Commanders and leaders
- Pulakeshin II: Mahendravarman I, Paranjothi

Strength
- Unknown: Unknown

= Battle of Pullalur =

Battle in South India

The Battle of Pullalur was fought between the Chalukya king Pulakesin II and the Pallava king Mahendravarman I in the town of Pullalur (or Pollilur) in about 618–19.

== Causes ==

The rapid expansion of the Chalukya Empire had resulted in the Chalukya annexation of the Vishnukundin kingdom. The Vishnukundins were allies of the Pallavas of Kanchi who were emerging as a major power in the 6th century AD. This embittered the Pallavas against them and a large number of battles were fought.

== Events ==

In about 617–18, Pulakesin II invaded and annexed Vengi. After his success against Vengi, he proceeded southwards and confining the Pallavas to the area around Kanchi. The Pallava king Mahendravarman I met Pulakesin at the town of Pullalur or Pollilur, about nine miles north of Kanchi. In the ensuing battle, Mahendravarman is believed to have given Pulikesin II a devastating defeat.

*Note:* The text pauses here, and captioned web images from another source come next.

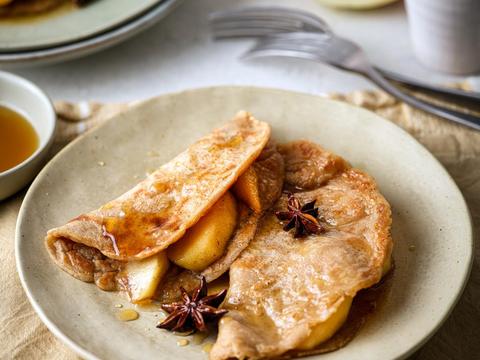 Vegan pannenkoeken met gebakken kaneel-steranijsappeltjes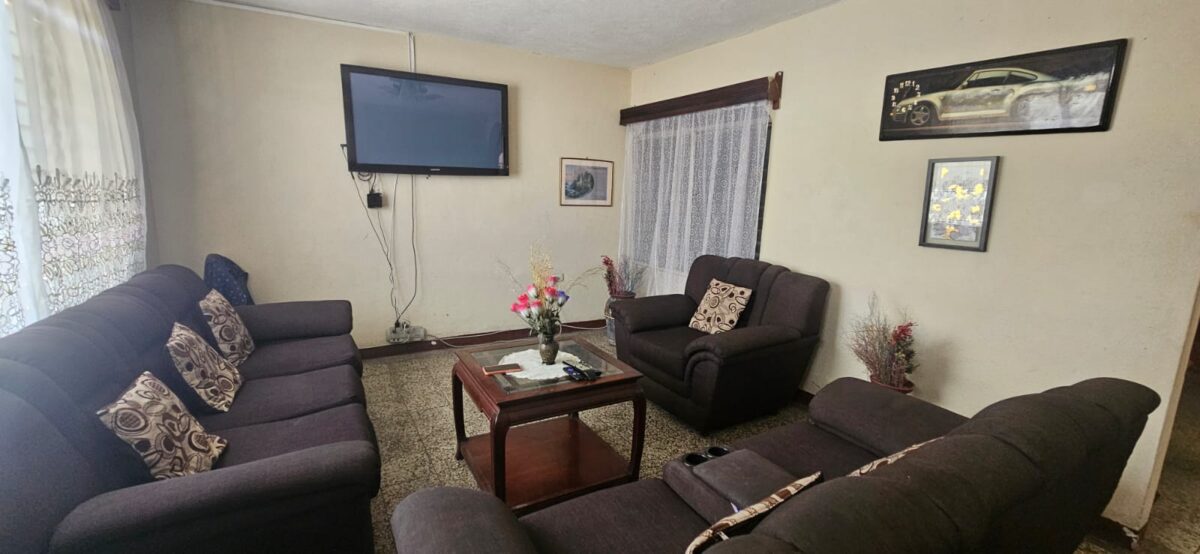 Casa en Montserrat 2 Zona 4 de Mixco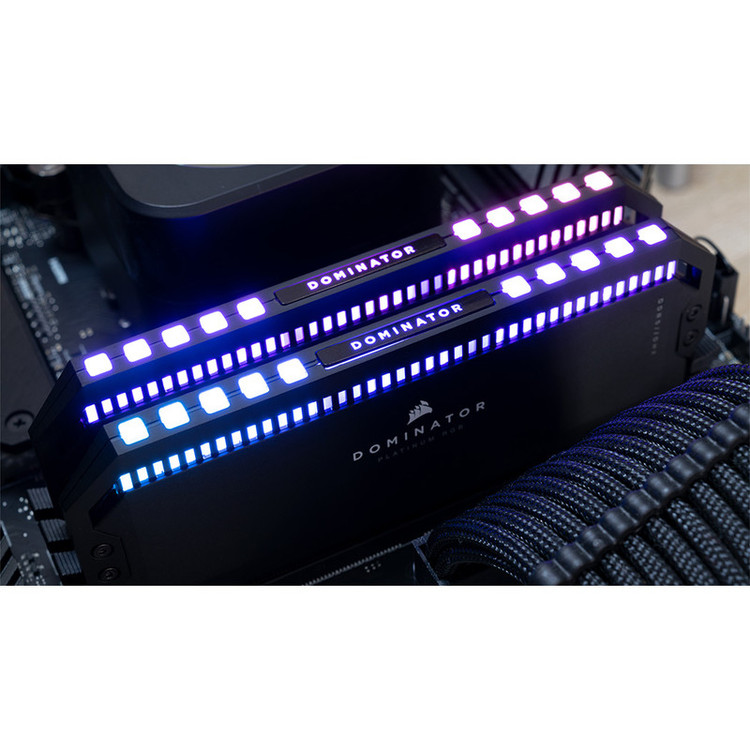 رم دسکتاپ DDR5 دو کاناله 6000 مگاهرتز CL40 کورسیر مدل Dominator Platinum RGB ظرفیت 64 گیگابایت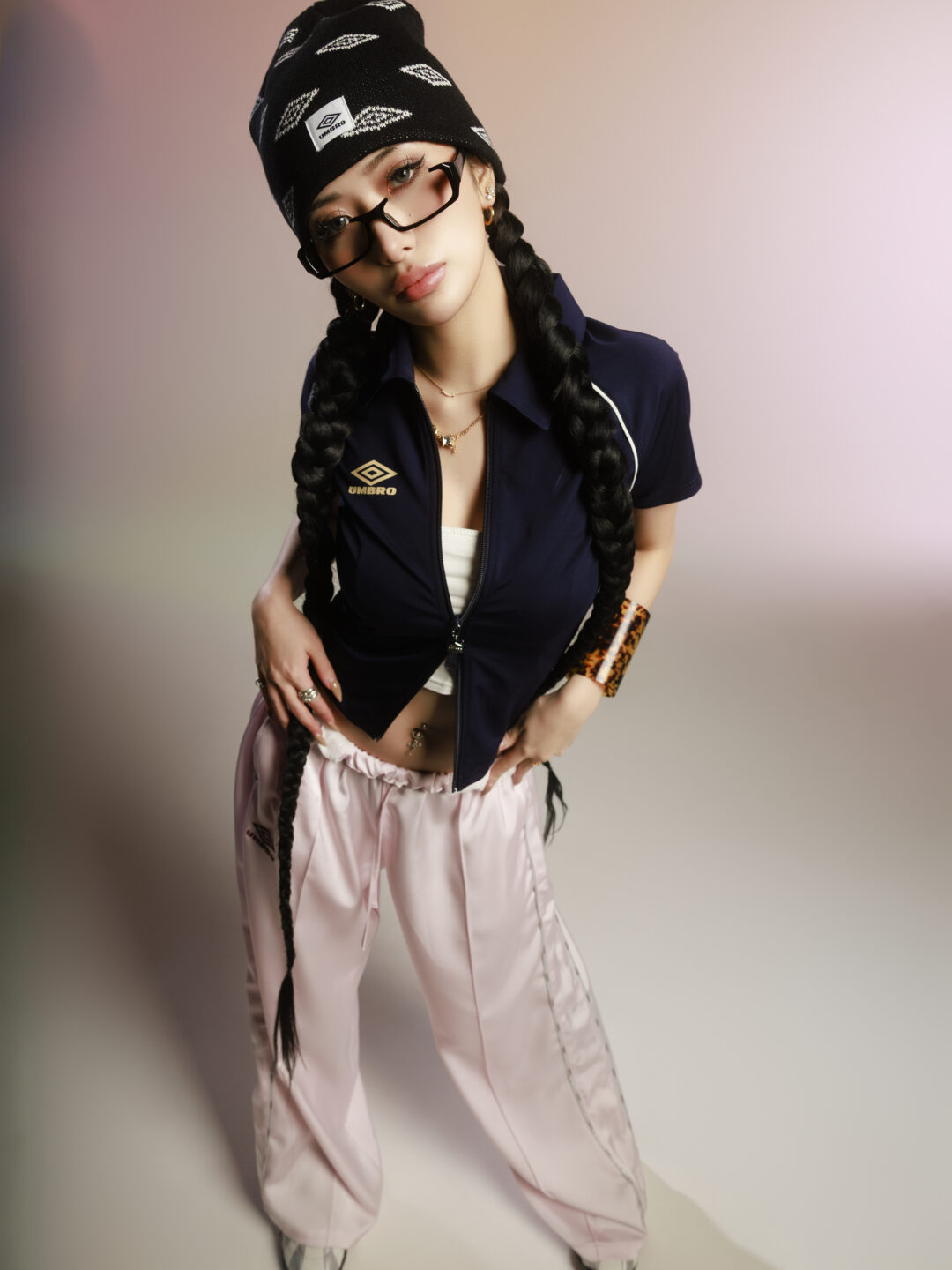 UMBRO × MOUSSY コラボレーション第3弾が2026年 4/2 先行 & 4/17 発売(アンブロ マウジー)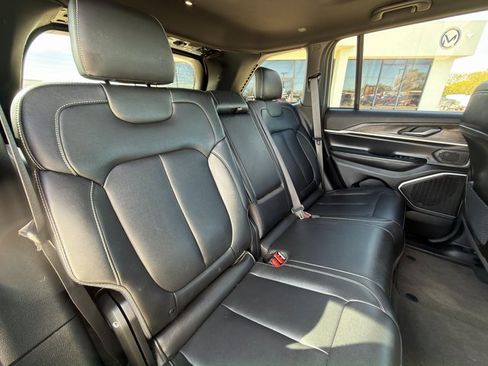 Used 2024 Jeep Grand Cherokee Limited 4xe image 31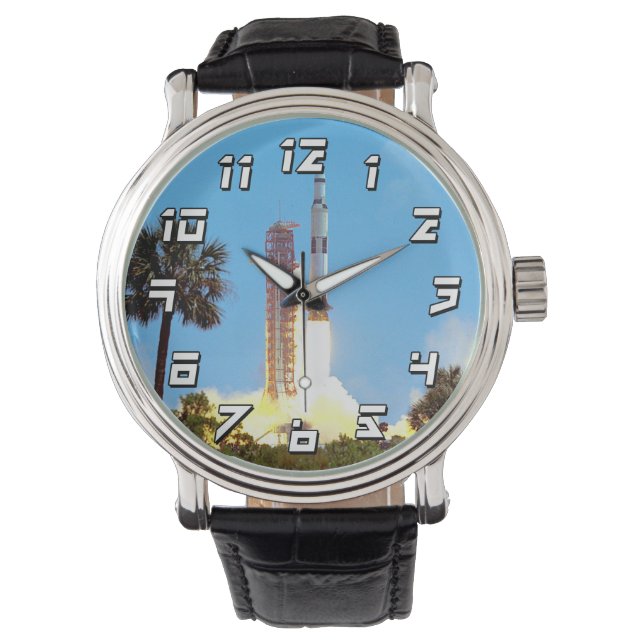 NASA Apollo 16 Saturn V-raketuppskjutning Armbandsur (Framsida)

The Aihole inscription of Pulakesin II gives a detailed description of the battle

With his sixfold forces, the hereditary troops and the rest, who raised spotless chowries, hundreds of flags, umbrellas and darkness, who churned the enemy elated with the sentiments of heroism and energy, he caused the splendour of the lord of the Pallavas, who had opposed the rise of his power to be obscured by the dust of his army and to vanish behind the walls of Kanchipura

But Historians contradicts this inscription as not so true as Pallavas are ascending in power and had advanced military than Chalukyas

The Kasakudi plates state:

Then the earth was ruled by a king called Mahendravarman who annihilated his chief enemies at Pullalura

While Mahendravarman's enemies are not mentioned by name, some historians interpret this edit as a description of Pallava victory over the Chalukyas. However, many feel that a Pallava victory might have been most probable as there are evidences of the Chalukya army's incursions as far south and rapidly retreating after the battle.

== Aftermath ==

Following this, Pulakesin attacked Kanchi but unable to penetrate the defences of the Pallava capital, he proceeded southwards and tried to ravage the northern and central parts of Tamil Nadu intruding as far as the Kaveri River. Then, after Pallavas and Cholas opposition, unable to accept his submission, Pulakesin II returned to Vatapi.

== Bibliography ==

- Dikshit, D. P. (1980). "Political History of the Chalukyas of Badami"
- Heras, H. (1933). "Studies in Pallava History"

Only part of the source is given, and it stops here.